Il ne reste que 7 jours au constructeur naval italien Fincantieri pour racheter les Chantiers de l'Atlantique.

Les Chantiers de l’Atlantique vont-ils passer sous pavillon italien? C'est de moins en moins sûr: il ne reste que 7 jours au constructeur italien Fincantieri pour racheter le chantier naval de Saint-Nazaire. Or, selon nos informations, la France n'accordera pas un nouveau délai à l’Italie, sonnant le glas du projet de rachat. Un accord avait pourtant été signé en 2017 mais depuis, l'Italie ne semble plus vraiment intéressée.

Voilà maintenant plusieurs mois que Fincantieri traîne des pieds.

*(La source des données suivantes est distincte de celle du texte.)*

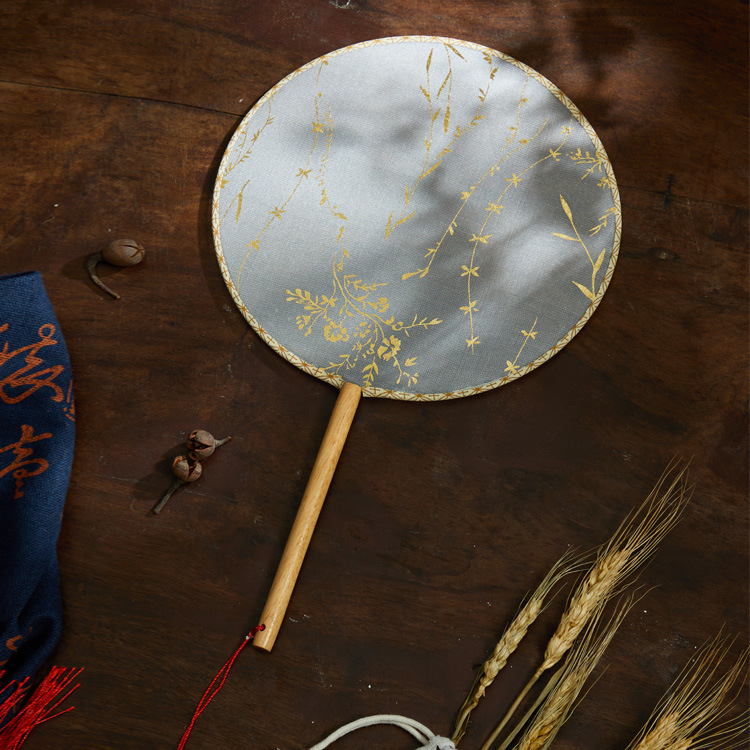 Hanfu fotórekvizit fán arany forró vasalással, bambusz és műszálas selyem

Le groupe refuse de fournir à la Commission européenne les éléments nécessaires afin de vérifier que ce rachat ne contredit pas les règles de la concurrence. Fincantieri serait très probablement obligé de céder des actifs pour s’emparer des chantiers, ce que ne souhaitent pas les Italiens. Par ailleurs, sa grande proximité avec le géant chinois de la construction navale pourrait être pour Bruxelles un motif de refus.

"La balle est dans leur camp"

L'accord prévoyait que Fincantieri détienne 50 % du capital des chantiers, en ajoutant 1% prêté par l'Etat français – le reste étant principalement ventilé entre l’Etat et Naval Group. Bon prince, Paris a déjà prolongé la validité de l’accord quatre fois pour laisser le temps à Fincantieri de s'organiser. Mais manifestement les chantiers français n’intéressent plus les Italiens, qui n'ont plus qu'une semaine pour se manifester.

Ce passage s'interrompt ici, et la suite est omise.